* [INSTRUCTIONS TO FOLLOW]
Restate the records in full and exactly, with no images included.

(DATA SHOWN)

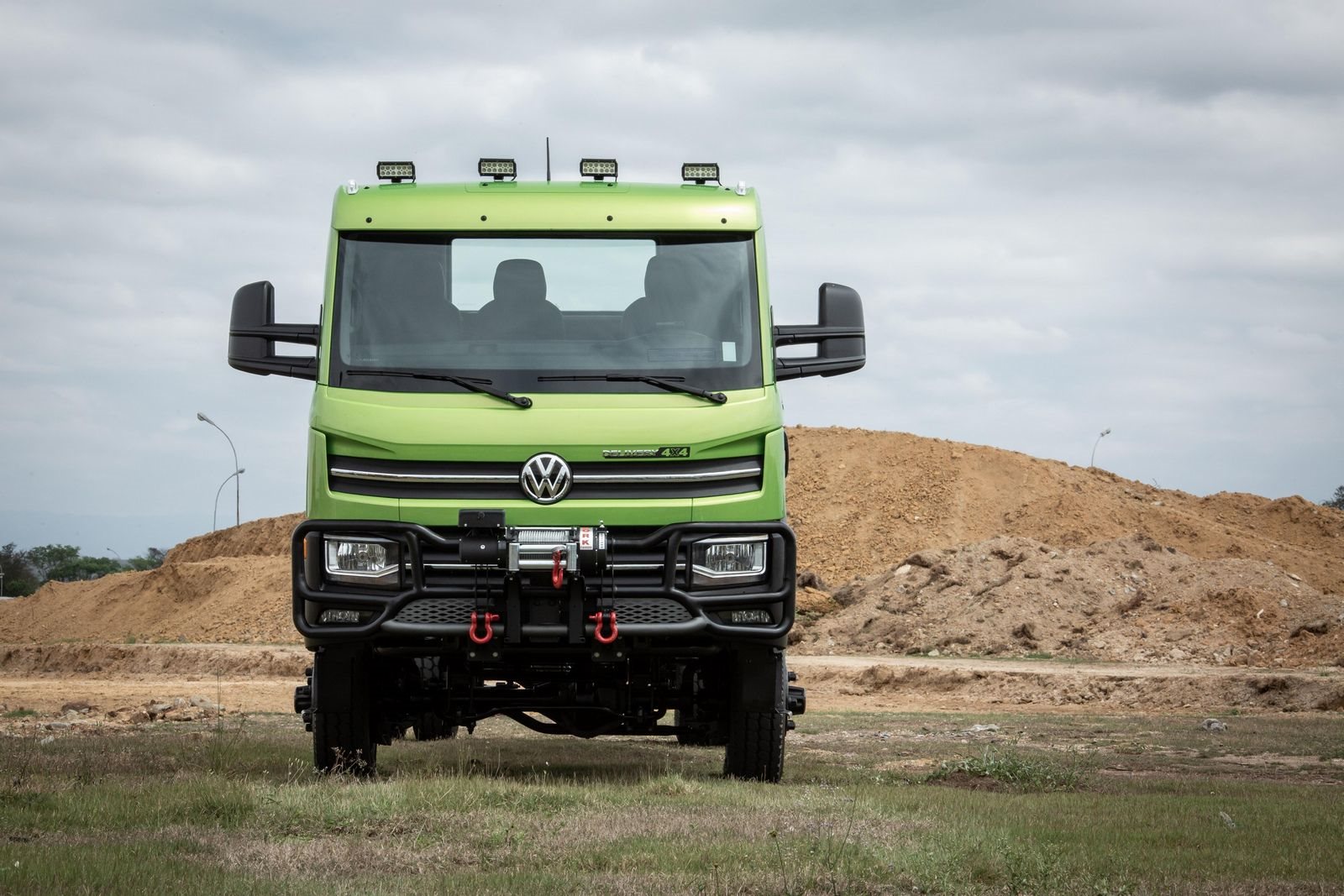 DELIVERY 11.180 4X4 GANHA CONTROLE DE TRAÇÃO, foto 1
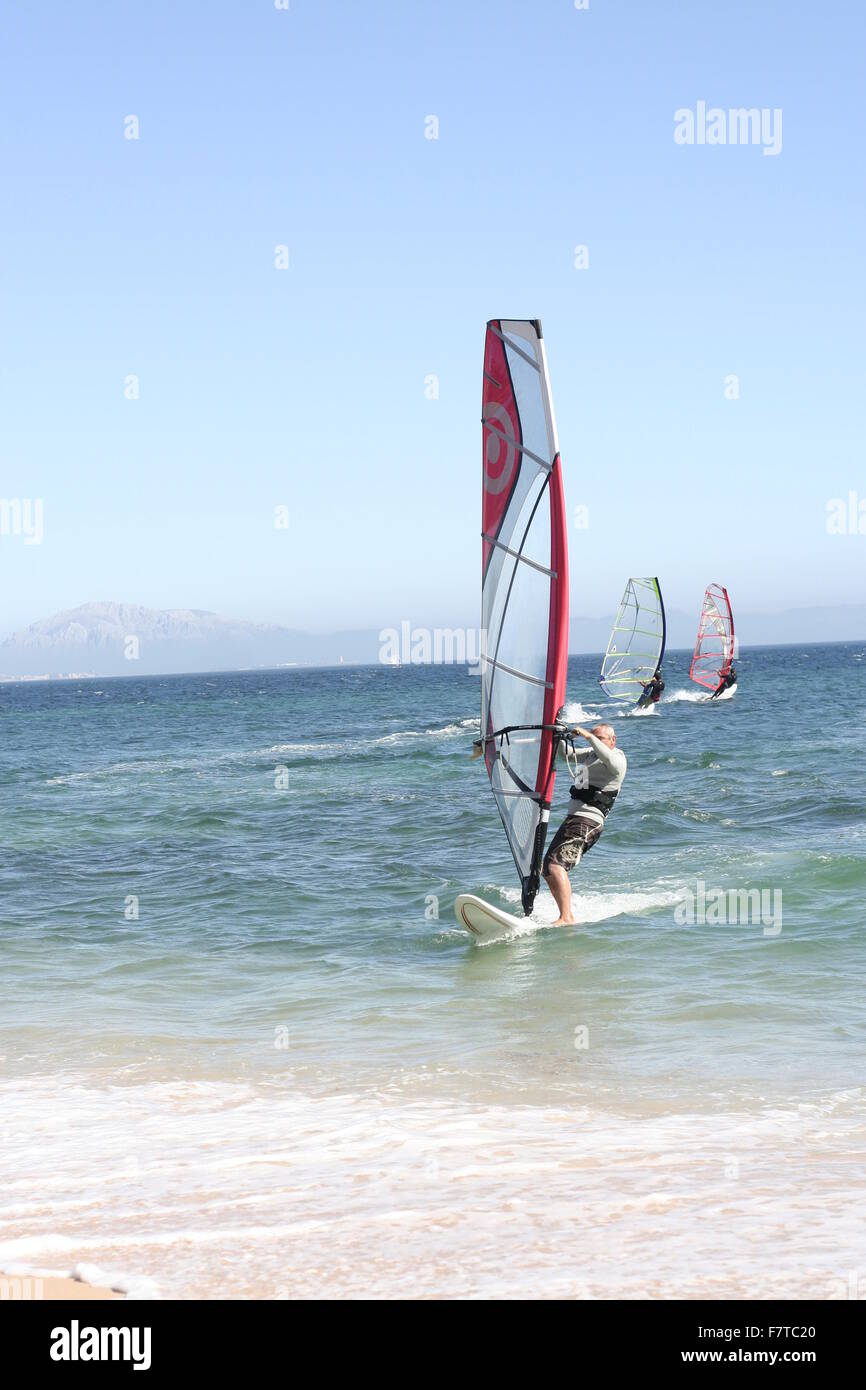 TARIFA, Cadice, Spagna - 17 agosto: Unidentified windsurfisti vicino Punta Paloma Beach, nel sud della Spagna. Tarifa, Agosto 17th, 2008 Foto Stock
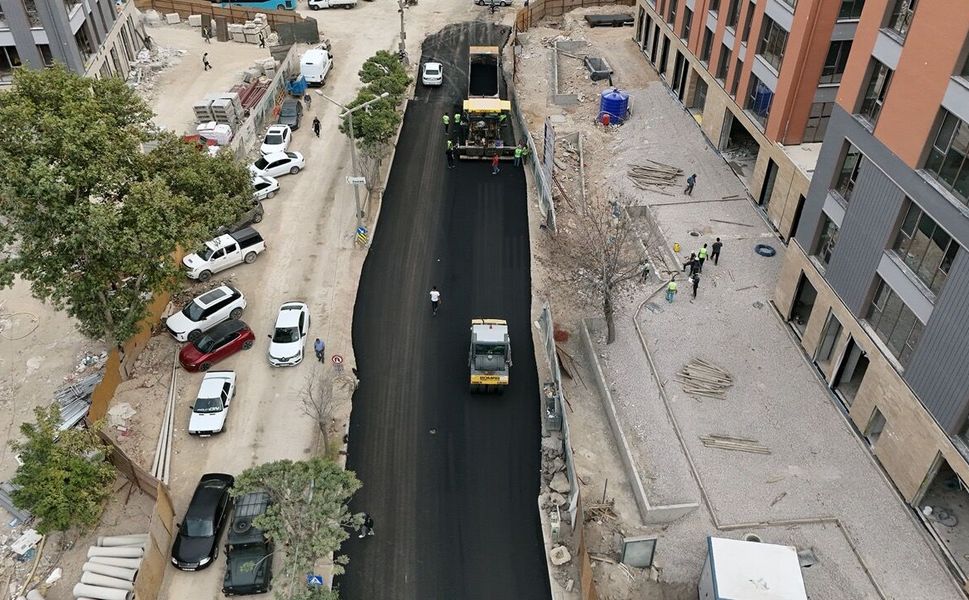 Büyükşehir, Elbistan’da Sıcak Asfalt Yatırımlarını Sürdürüyor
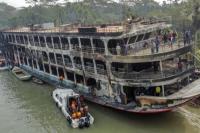 Sebuah Kapal di Bangladesh Hangus Terbakar
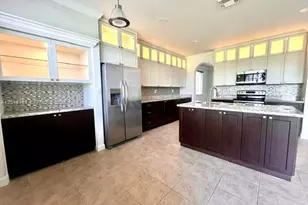 27448 SW 143rd Ct, Homestead, FL 33032 - Photo 8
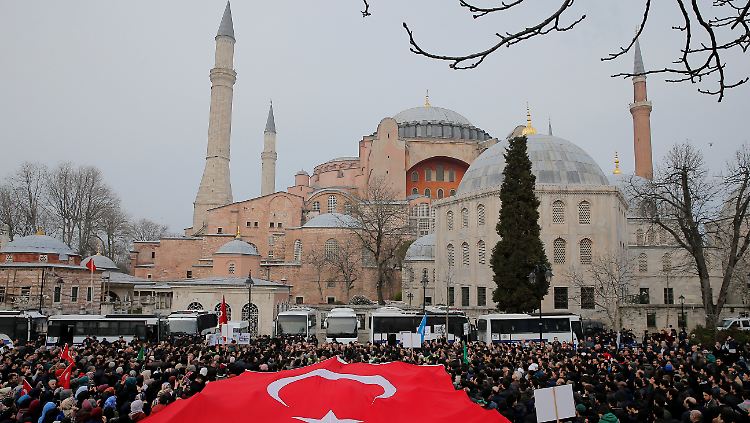 Nach den Anschlägen in Christchurch demonstrieren Türken vor der Hagia Sophia in Istanbul.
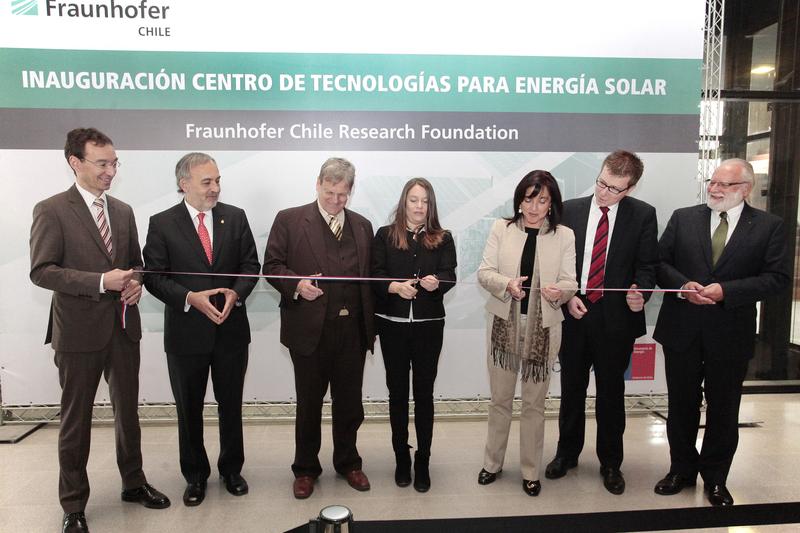 Die offizielle Einweihung des Fraunhofer Chile Research Center for Solar Energy Technologies (FCR-CSET) in Santiago de Chile.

(End DATA SHOWN)

* [PROBLEM SOLUTION]
 DELIVERY 11.180 4X4 GANHA CONTROLE DE TRAÇÃO, foto 1
 TARIFA, Cadice, Spagna - 17 agosto: Unidentified windsurfisti vicino Punta Paloma Beach, nel sud della Spagna. Tarifa, Agosto 17th, 2008 Foto Stock
 Büyükşehir, Elbistan’da Sıcak Asfalt Yatırımlarını Sürdürüyor
 Sebuah Kapal di Bangladesh Hangus Terbakar
 27448 SW 143rd Ct, Homestead, FL 33032 - Photo 8
 Nach den Anschlägen in Christchurch demonstrieren Türken vor der Hagia Sophia in Istanbul.
 Die offizielle Einweihung des Fraunhofer Chile Research Center for Solar Energy Technologies (FCR-CSET) in Santiago de Chile.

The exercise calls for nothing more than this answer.